ITI took direct aim at CWA’s bearish tech appraisal of CAFTA.
“This report should really be called The Sideshow, Straw Man and Red Herring Report,” said ITI President Rhett Dawson. “Rather than accept the many ways in which CAFTA benefits high-tech, the authors of this report are manufacturing false arguments that have little to do with the actual agreement or the actual facts.”
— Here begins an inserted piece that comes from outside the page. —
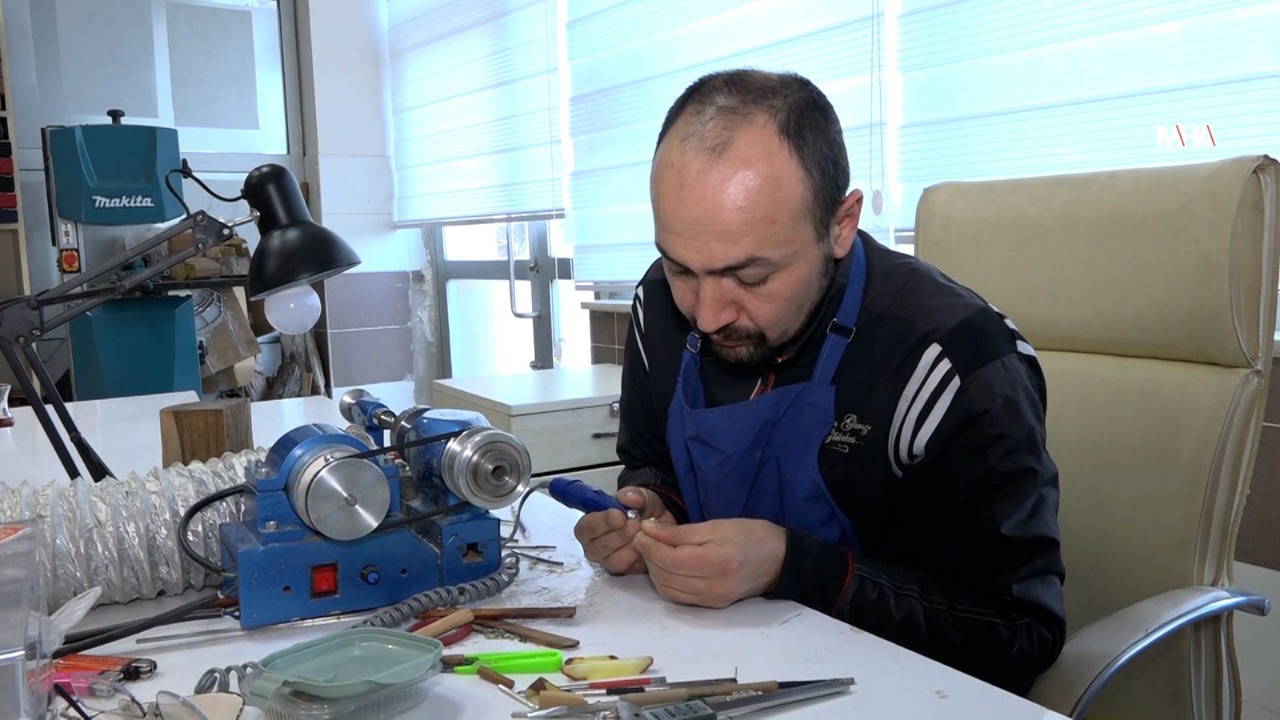 Malatya’da Tespih Ustalığı Gelenekten Geleceğe Taşınıyor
The high-tech industry asserts the trade deal could save more than $75 million annually by reducing tariffs as high as 30 percent in Guatemala, Honduras, El Salvador, Nicaragua, Costa Rica and the Dominican Republic. For the White House, CAFTA represents a political high-wire act. Failure to win congressional approval of CAFTA could undermine President Bush’s efforts to further liberalize global trade during the remainder of his second term. Such an outcome could indirectly hurt U.S. wireless and tech sectors.
The administration is getting various officials to lobby wavering Republican lawmakers-particularly those with constituents in sugar and textile states-and pro-business Democrats to support CAFTA. Some lawmakers are quoted as saying the votes for CAFTA are not there today. Last Thursday, President Bush, joined by presidents of the six countries covered by CAFTA, made the case for CAFTA in the Rose Garden.
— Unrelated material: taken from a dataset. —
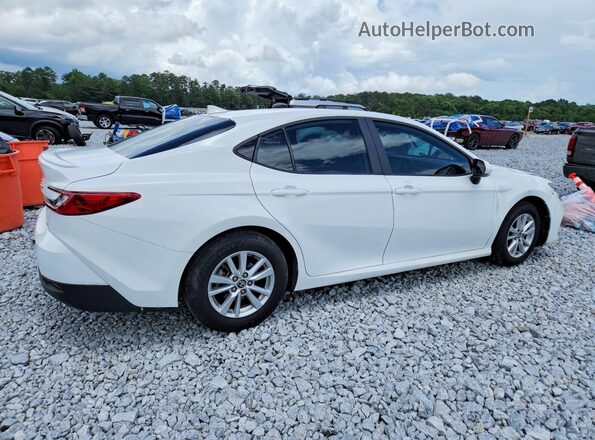 4T1DAACK3SU202792 2025 TOYOTA CAMRY Белый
Organized labor points out that CAFTA countries account for only 1.4 percent of all U.S. information technology exports to the world, and the vast majority of information technology sales to those Central American nations and the Dominican Republic already enter duty free. The reality, according to CWA, is CAFTA would open markets in only four countries-the Dominican Republic, Guatemala, Honduras and Nicaragua. Combined IT exports to those four nations in 2004 was $687 million, said CWA.
But congressional approval of CAFTA could lead to greater telecom and tech trade opportunities in South America. The Bush administration is trying to build on the U.S.-Chile trade agreement by seeking a free trade pact with the five Andean nations of Bolivia, Colombia, Ecuador, Peru and Venezuela. If CAFTA is defeated on Capitol Hill, it could hamper progress toward a U.S.-Andean Free Trade Agreement
CTIA, the U.S. cell-phone trade group, recently urged the U.S. trade representative not to meddle with foreign mobile termination fees in the context of the Andean Free Trade agreement absent evidence that U.S. consumers are being harmed.
On a related front, House lawmakers last week examined use of technical standards as trade barriers in China and Europe and how the United States might respond.